◆ **WHAT THIS TASK INVOLVES**: Produce a verbatim transcript of the entries below, excluding pictures.
=== Begin Enclosure ===
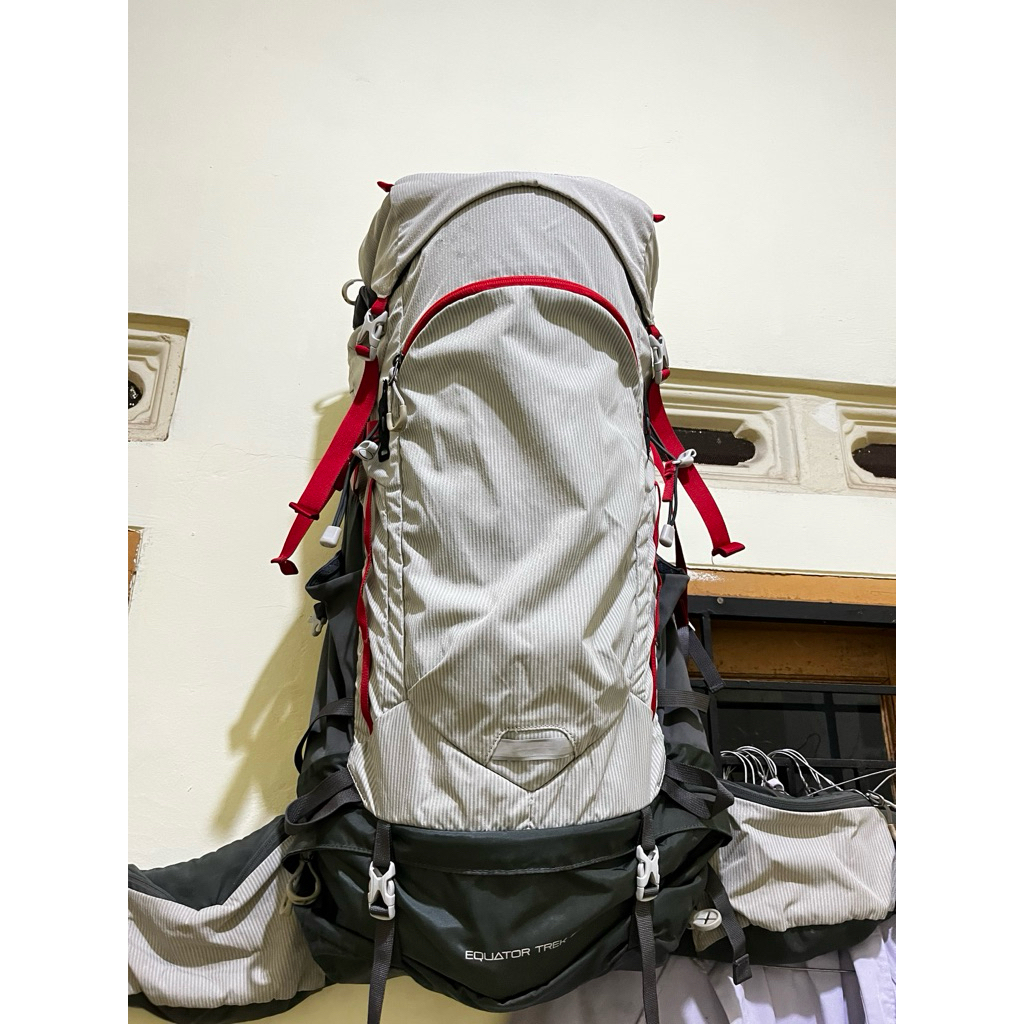 eiger equator trek 65l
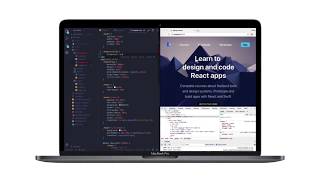 React for Designers course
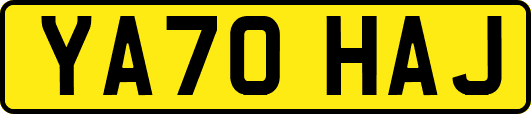 YA70HAJ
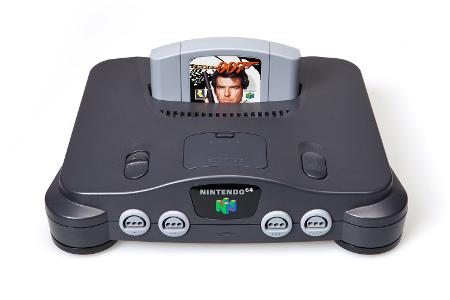 #18: Nintendo N64 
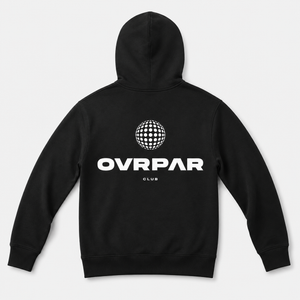 The Club Hoodie - white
=== End Enclosure ===
◆ **RESPONSE TO THE EXERCISE**:
 eiger equator trek 65l
 React for Designers course
 YA70HAJ
 #18: Nintendo N64 
 The Club Hoodie - white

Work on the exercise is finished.